>>>>>
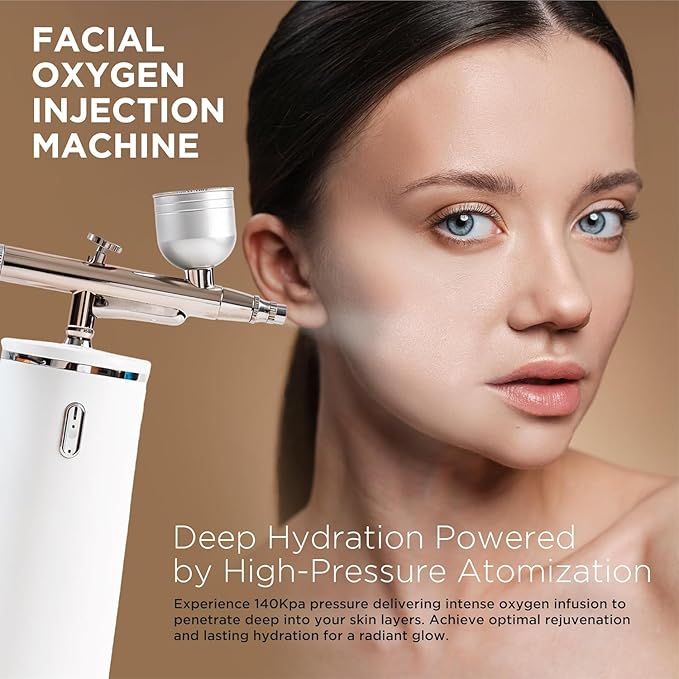 Facial Mist Spray Machine – 0.3mm Oxygen Micro Mist for Toner & Serum Infusion | High-Pressure Hydration & Skin Cooling Steamer for Home & Salon Use – Koli Z2-Velvo Beauty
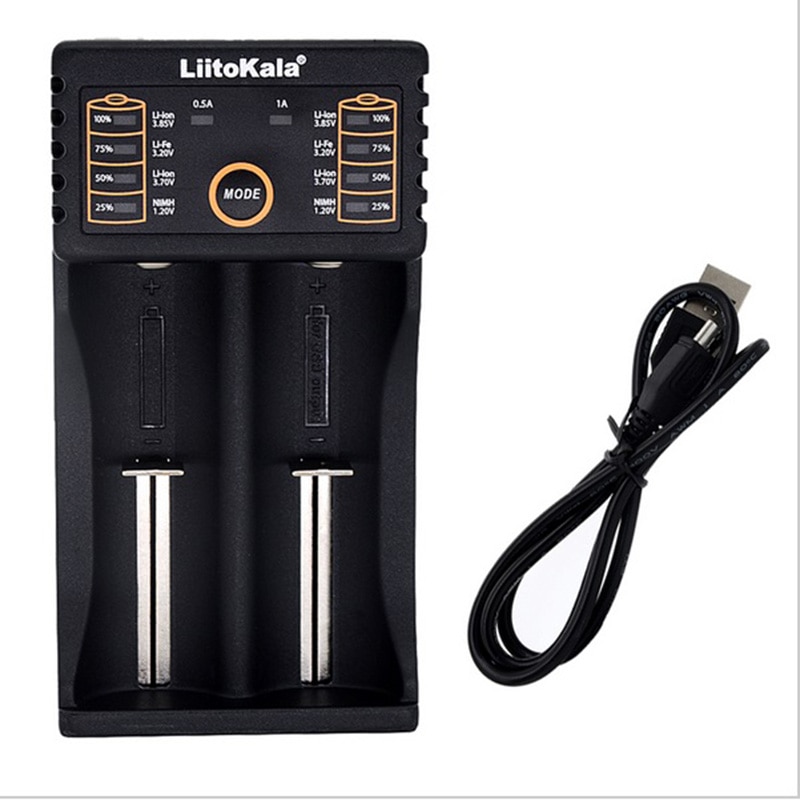 Originele LiitoKala Lii-202 USB Intelligente Acculader met Power Bank Functie voor Mh Lithium Ion voor 18650 14500 1044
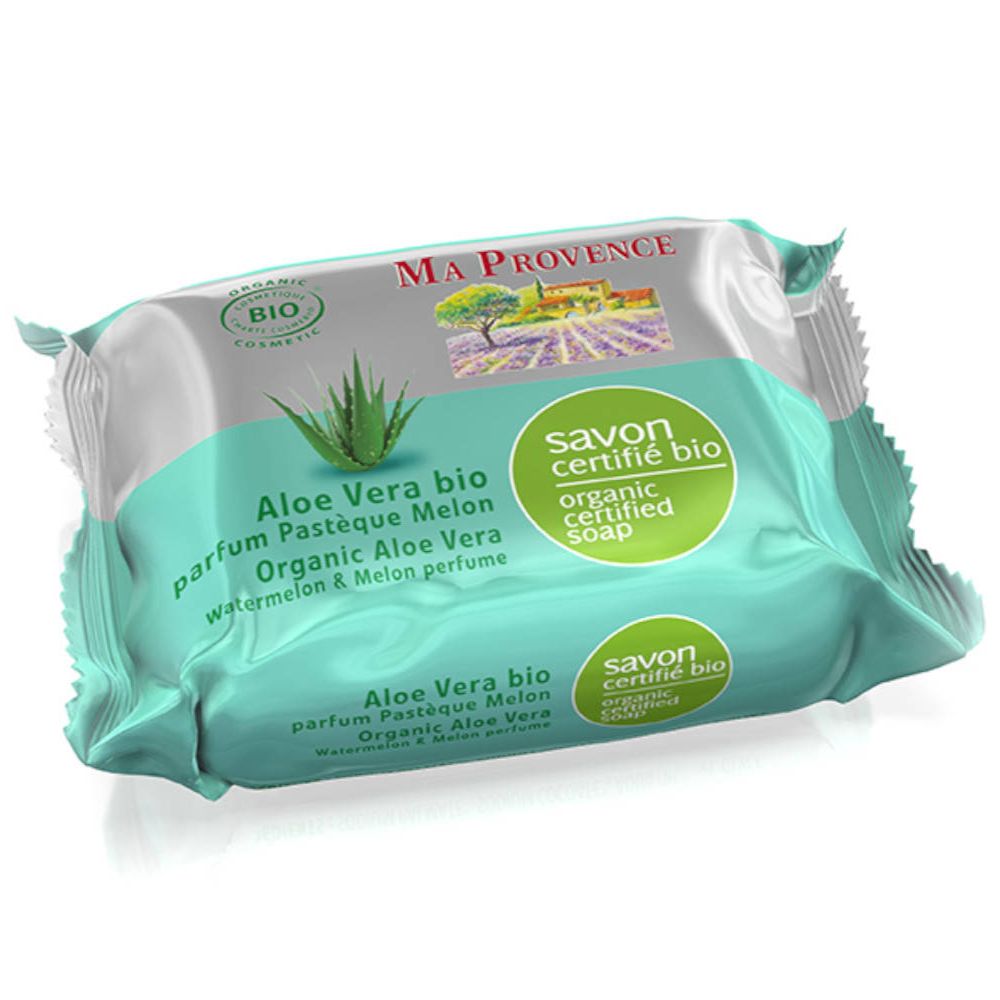 Image of Ma Provence® Bio-Aloe Vera-Seife Wassermelone - Melone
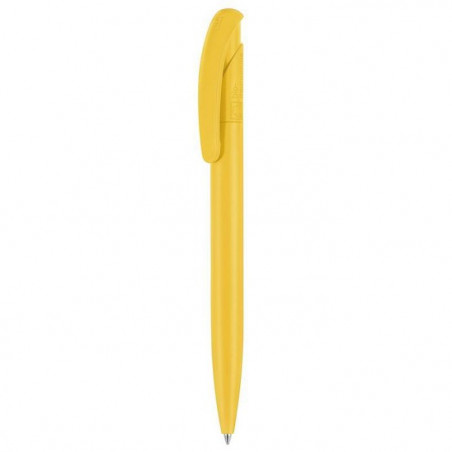 stylo bille biodégradable jaune en bioplastique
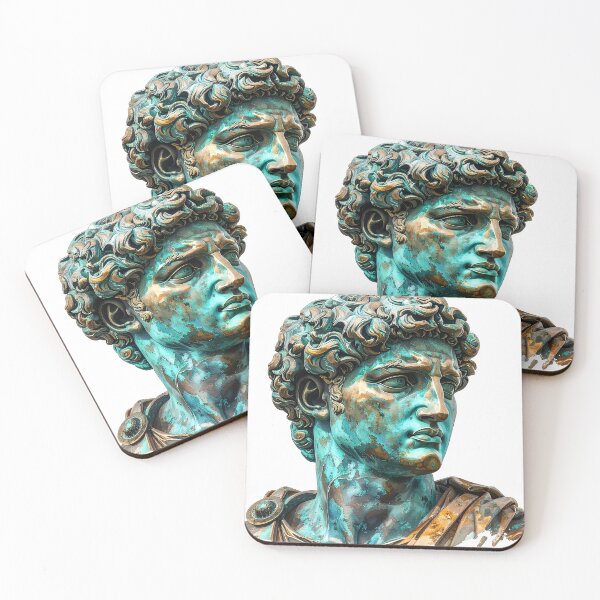 Item preview, Metallic Greek Bust Statue Illustration designed and sold by BetweenForms.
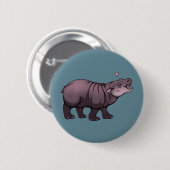 Baby Pigmy Hippo Button (Vorne & Hinten)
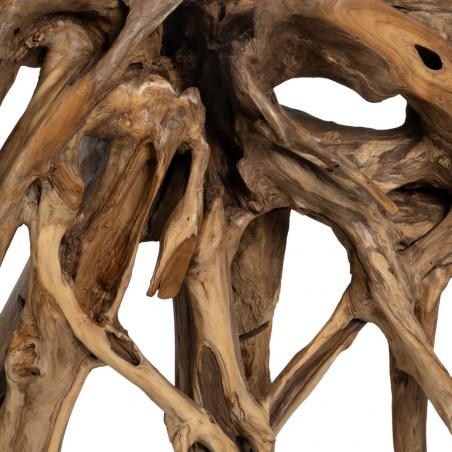 CONSOLA NATURAL MADERA DE TECA ENTRADA 120 X 40 X 80 CM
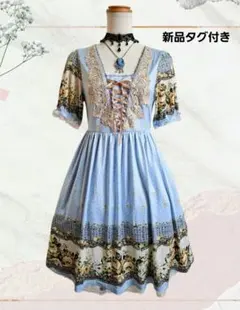 クラシカルロリータワンピ ロココ調 ゴスロリ ゴシック 姫ギャル アンティーク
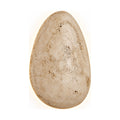 Backlit Floating Pebble Marble Wall Light on a white background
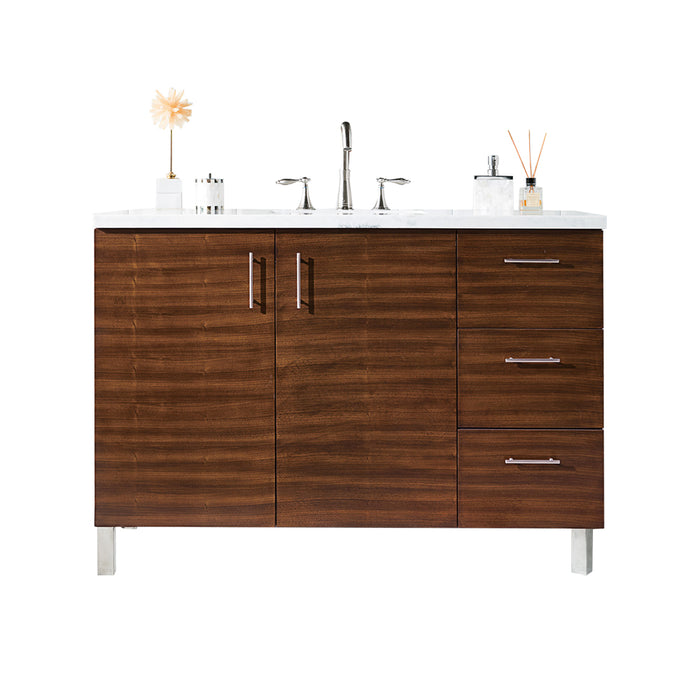 48" Metropolitan Single Bathroom Vanity, American Walnut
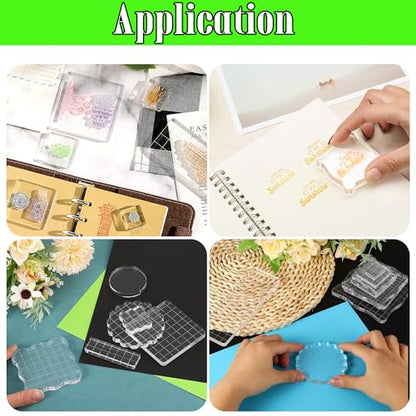 Clear Acrylic Stamp Blocks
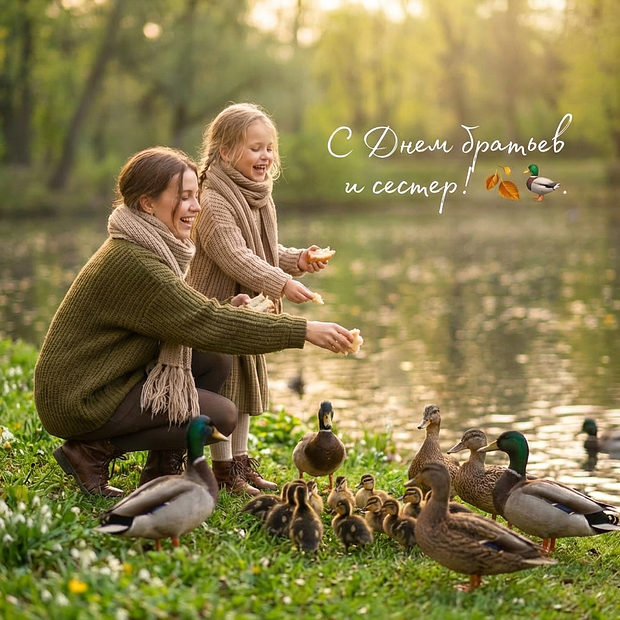 Поздравление сестре на День братьев и сестер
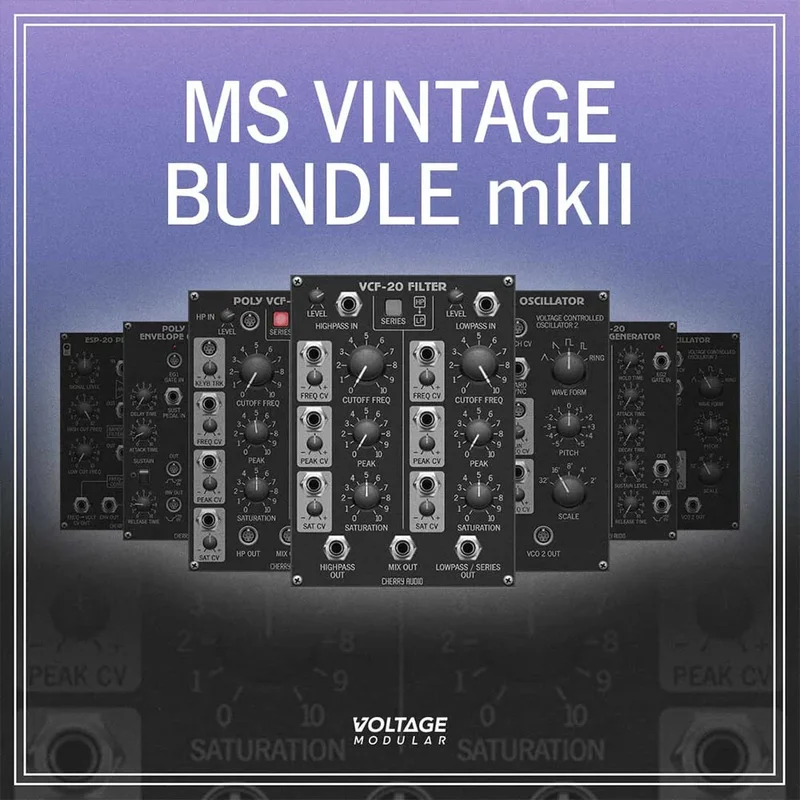 Cherry Audio Voltage Modular MS Vintage Bundle interface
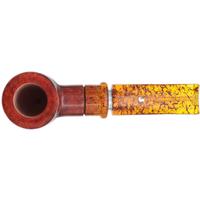 Ser Jacopo Amber Delecta La Fuma Finché Tira Smooth Billiard with Silver (C)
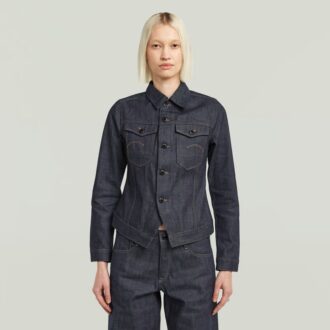 Pitched Hem Slim Selvedge Jacket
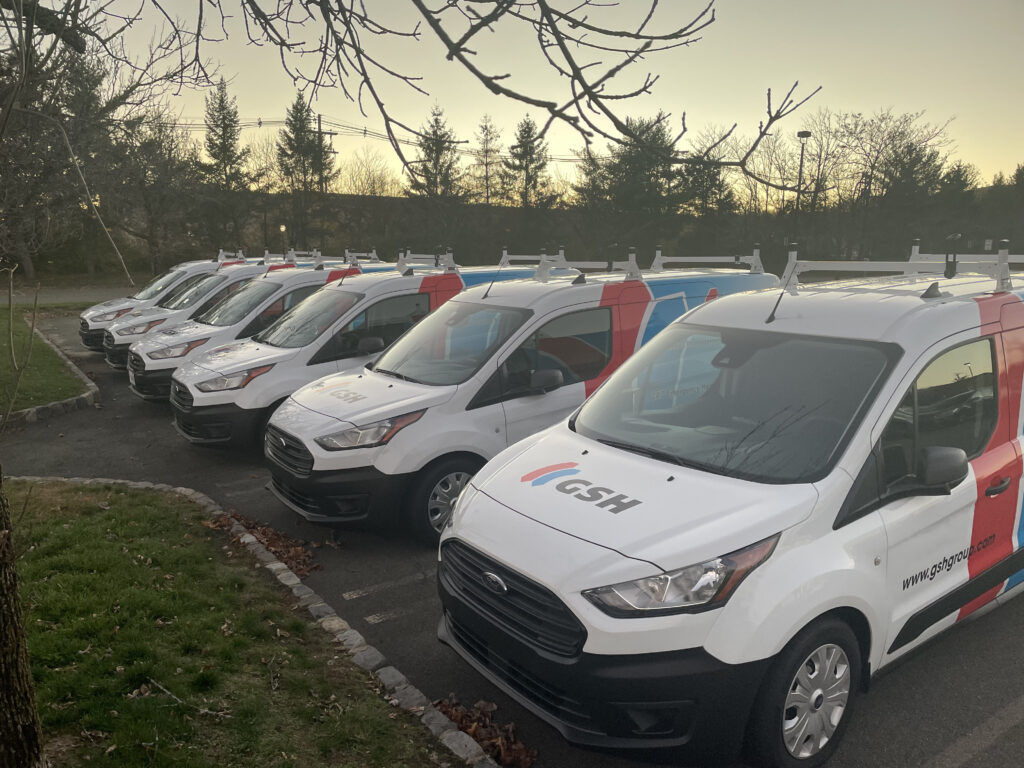 Fleet of GSH Delivery Vehicles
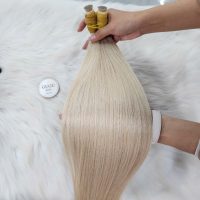 Platinum Blonde Raw Vietnamese Hair Extensions - Premium Human Hair Bulk Hair Extensions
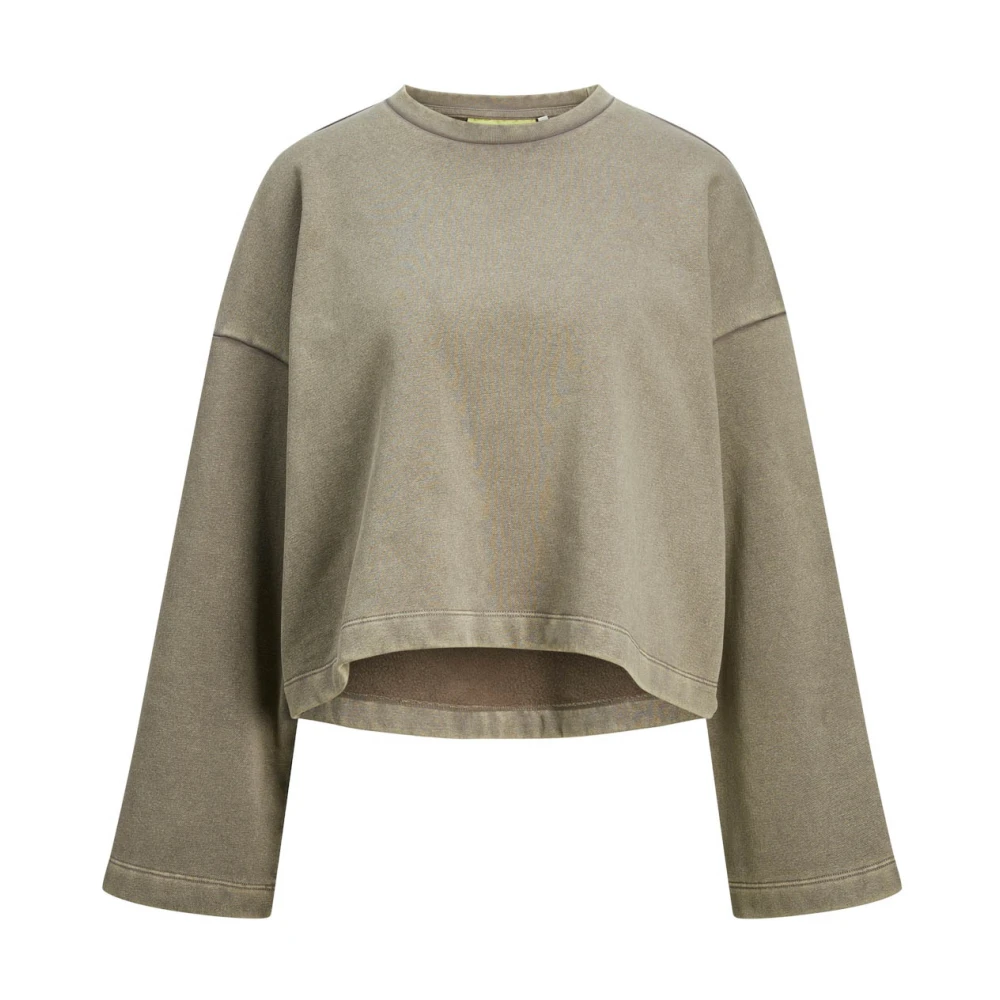 jack & jones Elizabeth Loose Crew Sweatshirt Groen Green Dames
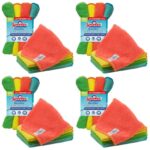 4 x Spontex Microfibre Cloths 4 Microfibre Collection Cleaning Cloths For Use as Dusters, Dish Cloths 30 x 30cm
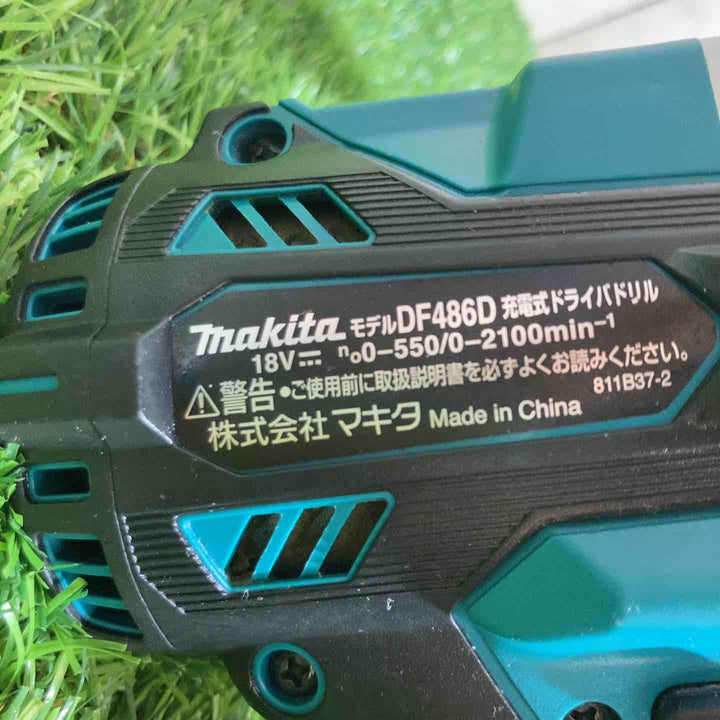 ★マキタ(makita) 18V コードレスドリルドライバー DF486DZ 本体+ハンドル【戸田店】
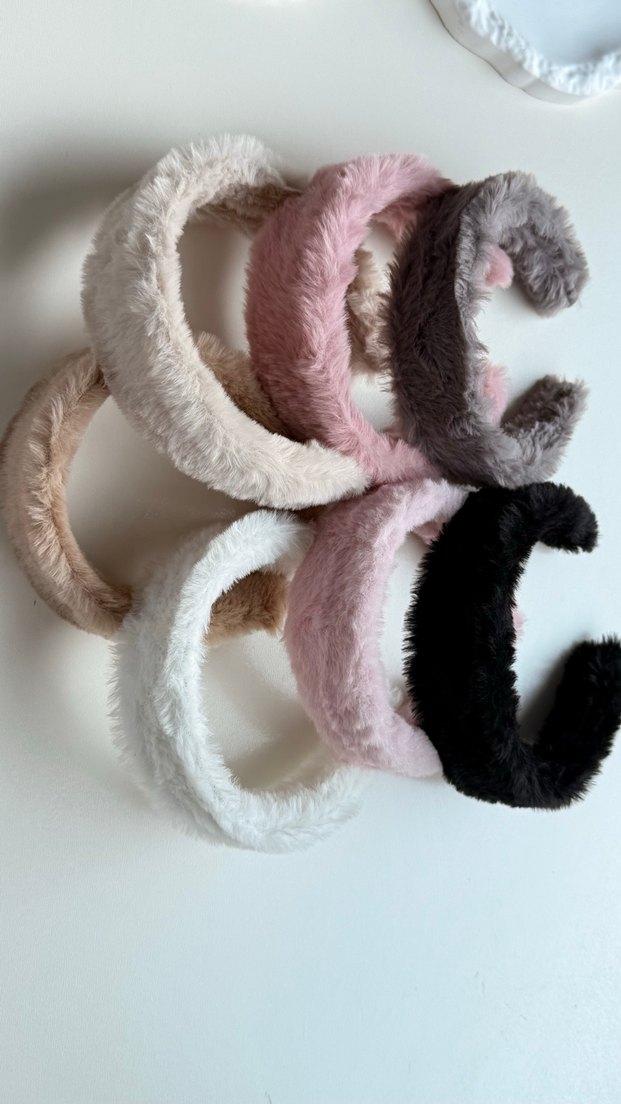 Renkli Kadın Kadife Saç Taçları - Görsel 5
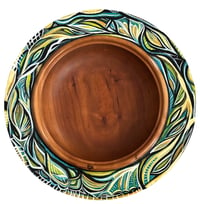Teal Wooden Bowl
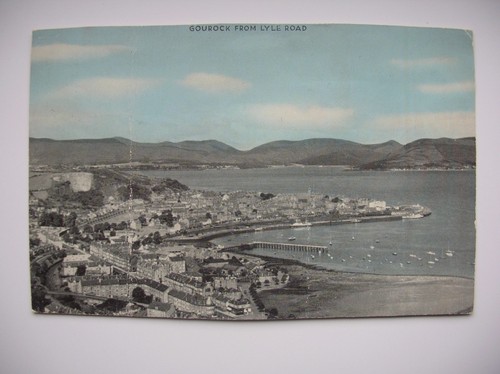 Gourock postcard from lyle - gourock,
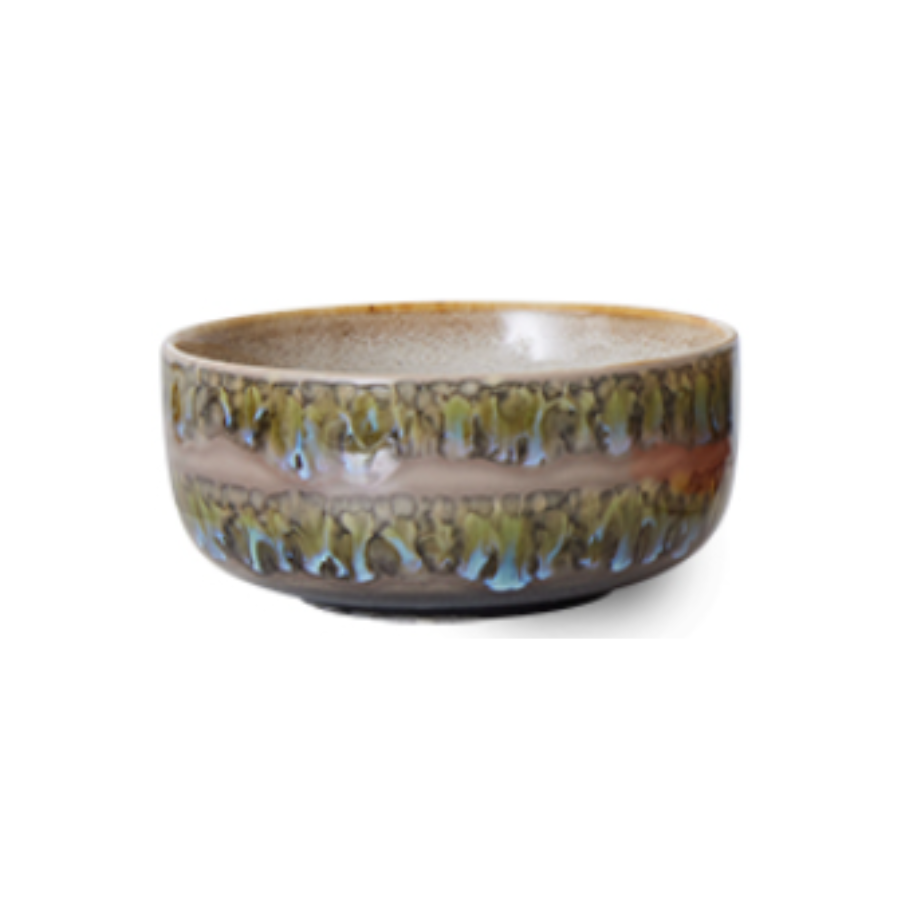 Hk Living 70s ceramics - Dessert bowl fern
<<<<<
● **PROMPT**:
Using the records above, print exactly the lines between the ones containing "Item preview, Metallic" and "4 x Spontex", inclusive, and nothing else; no pictures.

● **REPLY**:
 Item preview, Metallic Greek Bust Statue Illustration designed and sold by BetweenForms.
 Baby Pigmy Hippo Button (Vorne & Hinten)
 CONSOLA NATURAL MADERA DE TECA ENTRADA 120 X 40 X 80 CM
 クラシカルロリータワンピ ロココ調 ゴスロリ ゴシック 姫ギャル アンティーク
 Backlit Floating Pebble Marble Wall Light on a white background
 48" Metropolitan Single Bathroom Vanity, American Walnut
 Clear Acrylic Stamp Blocks
 Поздравление сестре на День братьев и сестер
 Cherry Audio Voltage Modular MS Vintage Bundle interface
 Ser Jacopo Amber Delecta La Fuma Finché Tira Smooth Billiard with Silver (C)
 Pitched Hem Slim Selvedge Jacket
 Fleet of GSH Delivery Vehicles
 Platinum Blonde Raw Vietnamese Hair Extensions - Premium Human Hair Bulk Hair Extensions
 jack & jones Elizabeth Loose Crew Sweatshirt Groen Green Dames
 4 x Spontex Microfibre Cloths 4 Microfibre Collection Cleaning Cloths For Use as Dusters, Dish Cloths 30 x 30cm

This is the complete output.